HOW TO COMPLETE THIS TASK — Among the records below, find the lines that contain "Green" and copy each of them.

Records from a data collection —
_ _ _ _ _

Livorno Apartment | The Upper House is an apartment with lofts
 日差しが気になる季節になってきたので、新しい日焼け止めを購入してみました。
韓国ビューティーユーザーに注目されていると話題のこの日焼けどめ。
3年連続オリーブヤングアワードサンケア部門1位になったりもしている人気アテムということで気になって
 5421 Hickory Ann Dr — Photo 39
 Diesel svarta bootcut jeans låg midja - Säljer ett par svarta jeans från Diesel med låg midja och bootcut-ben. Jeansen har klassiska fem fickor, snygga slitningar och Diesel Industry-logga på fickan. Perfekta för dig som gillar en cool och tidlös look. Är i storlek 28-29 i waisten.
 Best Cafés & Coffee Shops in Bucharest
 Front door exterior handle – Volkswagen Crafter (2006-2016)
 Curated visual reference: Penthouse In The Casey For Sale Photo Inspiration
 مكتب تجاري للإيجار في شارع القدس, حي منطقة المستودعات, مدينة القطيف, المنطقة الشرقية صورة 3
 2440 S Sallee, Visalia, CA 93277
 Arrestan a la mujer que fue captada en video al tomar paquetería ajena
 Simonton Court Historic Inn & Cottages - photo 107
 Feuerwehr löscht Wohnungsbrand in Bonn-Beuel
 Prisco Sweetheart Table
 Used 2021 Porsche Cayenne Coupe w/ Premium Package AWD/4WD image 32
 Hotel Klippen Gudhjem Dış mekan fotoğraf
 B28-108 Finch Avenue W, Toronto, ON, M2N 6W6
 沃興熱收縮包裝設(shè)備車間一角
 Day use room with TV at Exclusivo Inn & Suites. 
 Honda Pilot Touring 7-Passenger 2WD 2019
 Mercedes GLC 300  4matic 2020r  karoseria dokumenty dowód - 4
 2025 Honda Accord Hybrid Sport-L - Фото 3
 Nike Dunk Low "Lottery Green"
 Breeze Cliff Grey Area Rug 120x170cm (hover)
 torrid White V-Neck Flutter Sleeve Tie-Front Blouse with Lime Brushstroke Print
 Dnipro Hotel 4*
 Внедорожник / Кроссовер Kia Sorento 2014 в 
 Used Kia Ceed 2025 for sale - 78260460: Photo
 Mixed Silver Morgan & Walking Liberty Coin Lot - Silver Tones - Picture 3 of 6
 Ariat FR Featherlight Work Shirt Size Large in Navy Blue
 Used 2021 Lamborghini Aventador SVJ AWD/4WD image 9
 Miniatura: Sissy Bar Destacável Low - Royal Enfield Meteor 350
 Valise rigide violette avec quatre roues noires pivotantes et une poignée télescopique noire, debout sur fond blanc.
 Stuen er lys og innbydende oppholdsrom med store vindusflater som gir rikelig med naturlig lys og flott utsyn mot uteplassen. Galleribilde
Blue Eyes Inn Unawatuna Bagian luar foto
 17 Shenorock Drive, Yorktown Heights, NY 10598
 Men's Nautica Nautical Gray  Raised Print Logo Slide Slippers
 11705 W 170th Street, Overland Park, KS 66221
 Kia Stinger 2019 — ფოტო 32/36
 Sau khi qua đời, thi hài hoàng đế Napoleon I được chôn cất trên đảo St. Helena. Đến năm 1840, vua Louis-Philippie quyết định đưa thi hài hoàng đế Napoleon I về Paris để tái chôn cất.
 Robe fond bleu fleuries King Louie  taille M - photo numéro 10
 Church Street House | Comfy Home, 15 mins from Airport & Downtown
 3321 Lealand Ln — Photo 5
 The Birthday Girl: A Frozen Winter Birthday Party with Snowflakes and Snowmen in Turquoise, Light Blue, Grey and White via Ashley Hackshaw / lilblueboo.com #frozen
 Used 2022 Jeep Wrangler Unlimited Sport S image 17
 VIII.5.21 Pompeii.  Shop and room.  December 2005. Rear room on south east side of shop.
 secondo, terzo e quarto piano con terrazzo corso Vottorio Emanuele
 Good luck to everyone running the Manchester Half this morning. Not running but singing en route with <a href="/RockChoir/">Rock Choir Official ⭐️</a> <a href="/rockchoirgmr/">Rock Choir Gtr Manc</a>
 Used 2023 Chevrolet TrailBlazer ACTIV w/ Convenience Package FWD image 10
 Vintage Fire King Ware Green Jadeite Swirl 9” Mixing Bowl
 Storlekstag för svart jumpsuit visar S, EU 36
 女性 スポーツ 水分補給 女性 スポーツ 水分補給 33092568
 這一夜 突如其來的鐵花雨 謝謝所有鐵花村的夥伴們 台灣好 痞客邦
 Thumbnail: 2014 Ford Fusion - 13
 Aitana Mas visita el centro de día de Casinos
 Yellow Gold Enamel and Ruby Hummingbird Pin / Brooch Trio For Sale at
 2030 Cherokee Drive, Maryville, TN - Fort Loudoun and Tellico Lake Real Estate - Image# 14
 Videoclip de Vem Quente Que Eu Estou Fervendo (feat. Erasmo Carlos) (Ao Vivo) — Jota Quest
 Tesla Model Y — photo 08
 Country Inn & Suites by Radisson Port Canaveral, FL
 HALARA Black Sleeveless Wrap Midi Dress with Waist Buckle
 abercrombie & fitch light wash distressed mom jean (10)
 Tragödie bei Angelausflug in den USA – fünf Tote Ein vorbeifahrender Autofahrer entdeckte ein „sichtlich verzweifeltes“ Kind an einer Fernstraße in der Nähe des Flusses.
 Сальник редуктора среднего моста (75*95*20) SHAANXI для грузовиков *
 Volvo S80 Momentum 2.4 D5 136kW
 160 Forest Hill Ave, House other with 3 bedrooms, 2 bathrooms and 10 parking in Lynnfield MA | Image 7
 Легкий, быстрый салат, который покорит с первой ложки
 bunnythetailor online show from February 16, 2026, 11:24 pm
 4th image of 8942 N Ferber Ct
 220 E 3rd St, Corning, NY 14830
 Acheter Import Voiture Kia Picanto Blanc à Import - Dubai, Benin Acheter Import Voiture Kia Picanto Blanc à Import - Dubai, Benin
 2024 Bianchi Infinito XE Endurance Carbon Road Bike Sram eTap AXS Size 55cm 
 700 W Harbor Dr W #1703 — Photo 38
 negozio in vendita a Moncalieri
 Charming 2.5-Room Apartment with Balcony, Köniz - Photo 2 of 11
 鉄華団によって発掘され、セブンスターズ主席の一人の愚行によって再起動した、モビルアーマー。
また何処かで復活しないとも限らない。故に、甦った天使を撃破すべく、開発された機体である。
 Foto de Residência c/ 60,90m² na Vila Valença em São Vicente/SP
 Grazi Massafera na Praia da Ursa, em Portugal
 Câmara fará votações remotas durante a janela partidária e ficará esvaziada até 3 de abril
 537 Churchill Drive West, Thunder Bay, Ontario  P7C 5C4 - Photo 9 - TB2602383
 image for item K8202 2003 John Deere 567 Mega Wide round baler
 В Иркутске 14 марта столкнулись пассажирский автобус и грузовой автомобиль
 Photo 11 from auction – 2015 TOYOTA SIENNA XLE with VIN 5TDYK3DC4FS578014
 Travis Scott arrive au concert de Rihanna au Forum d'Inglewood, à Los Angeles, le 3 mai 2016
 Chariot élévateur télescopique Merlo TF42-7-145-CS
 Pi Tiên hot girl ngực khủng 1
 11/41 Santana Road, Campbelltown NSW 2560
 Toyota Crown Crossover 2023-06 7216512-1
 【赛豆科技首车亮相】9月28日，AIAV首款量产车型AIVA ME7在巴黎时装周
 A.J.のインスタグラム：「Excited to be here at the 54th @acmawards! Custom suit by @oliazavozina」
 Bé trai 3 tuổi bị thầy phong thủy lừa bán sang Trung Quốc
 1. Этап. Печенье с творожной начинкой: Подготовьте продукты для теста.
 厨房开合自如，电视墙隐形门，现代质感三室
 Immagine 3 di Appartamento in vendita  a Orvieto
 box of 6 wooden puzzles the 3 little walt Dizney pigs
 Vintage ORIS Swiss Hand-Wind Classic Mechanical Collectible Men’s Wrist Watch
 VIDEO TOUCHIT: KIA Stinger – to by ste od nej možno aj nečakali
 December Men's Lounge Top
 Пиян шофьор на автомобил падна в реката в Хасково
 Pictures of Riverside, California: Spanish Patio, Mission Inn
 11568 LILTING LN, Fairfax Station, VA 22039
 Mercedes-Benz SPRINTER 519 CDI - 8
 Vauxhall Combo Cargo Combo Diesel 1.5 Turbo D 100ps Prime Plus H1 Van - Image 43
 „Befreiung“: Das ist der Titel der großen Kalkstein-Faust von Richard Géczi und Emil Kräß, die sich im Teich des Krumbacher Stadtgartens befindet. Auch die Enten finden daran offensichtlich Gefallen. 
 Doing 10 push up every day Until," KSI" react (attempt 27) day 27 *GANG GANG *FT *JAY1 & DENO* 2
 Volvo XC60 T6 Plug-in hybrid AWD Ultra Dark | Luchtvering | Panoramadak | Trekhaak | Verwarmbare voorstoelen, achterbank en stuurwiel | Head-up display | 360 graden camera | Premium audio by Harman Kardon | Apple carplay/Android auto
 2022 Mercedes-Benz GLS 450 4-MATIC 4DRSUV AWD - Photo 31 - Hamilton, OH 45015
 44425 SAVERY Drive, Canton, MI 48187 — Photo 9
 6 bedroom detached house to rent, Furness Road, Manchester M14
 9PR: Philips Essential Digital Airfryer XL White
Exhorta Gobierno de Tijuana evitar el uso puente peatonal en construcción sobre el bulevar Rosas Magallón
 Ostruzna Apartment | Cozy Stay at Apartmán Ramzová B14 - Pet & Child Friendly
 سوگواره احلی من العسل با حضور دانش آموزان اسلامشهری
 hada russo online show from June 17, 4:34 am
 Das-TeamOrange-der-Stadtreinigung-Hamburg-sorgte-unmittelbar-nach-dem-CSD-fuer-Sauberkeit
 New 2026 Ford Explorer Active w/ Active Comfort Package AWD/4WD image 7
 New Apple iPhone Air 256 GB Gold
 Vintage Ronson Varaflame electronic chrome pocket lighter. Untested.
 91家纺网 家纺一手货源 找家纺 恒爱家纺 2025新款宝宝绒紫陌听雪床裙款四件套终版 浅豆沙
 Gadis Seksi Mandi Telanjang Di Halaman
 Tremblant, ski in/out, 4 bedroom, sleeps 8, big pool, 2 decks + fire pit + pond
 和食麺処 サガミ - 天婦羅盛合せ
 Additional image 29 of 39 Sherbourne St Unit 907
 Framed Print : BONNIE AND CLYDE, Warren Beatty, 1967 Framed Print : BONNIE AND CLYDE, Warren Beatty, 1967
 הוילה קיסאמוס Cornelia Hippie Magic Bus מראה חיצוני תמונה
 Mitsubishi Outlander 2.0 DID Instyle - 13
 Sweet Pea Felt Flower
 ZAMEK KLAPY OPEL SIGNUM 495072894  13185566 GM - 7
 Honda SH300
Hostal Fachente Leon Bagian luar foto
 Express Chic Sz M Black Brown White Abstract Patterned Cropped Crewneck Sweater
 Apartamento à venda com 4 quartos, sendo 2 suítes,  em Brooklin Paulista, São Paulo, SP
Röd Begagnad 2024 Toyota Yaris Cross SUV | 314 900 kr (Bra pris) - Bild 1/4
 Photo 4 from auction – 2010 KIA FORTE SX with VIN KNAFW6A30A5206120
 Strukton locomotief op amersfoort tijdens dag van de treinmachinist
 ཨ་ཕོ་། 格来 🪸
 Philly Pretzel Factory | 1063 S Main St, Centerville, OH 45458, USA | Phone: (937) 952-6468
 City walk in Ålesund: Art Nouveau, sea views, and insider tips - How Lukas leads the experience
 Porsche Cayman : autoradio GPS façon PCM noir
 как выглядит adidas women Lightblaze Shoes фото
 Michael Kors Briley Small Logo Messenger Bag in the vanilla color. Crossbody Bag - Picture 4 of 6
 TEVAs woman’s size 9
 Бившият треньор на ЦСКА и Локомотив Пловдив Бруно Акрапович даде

_ _ _ _ _

ANSWER BOX —
 Nike Dunk Low "Lottery Green"
 Vintage Fire King Ware Green Jadeite Swirl 9” Mixing Bowl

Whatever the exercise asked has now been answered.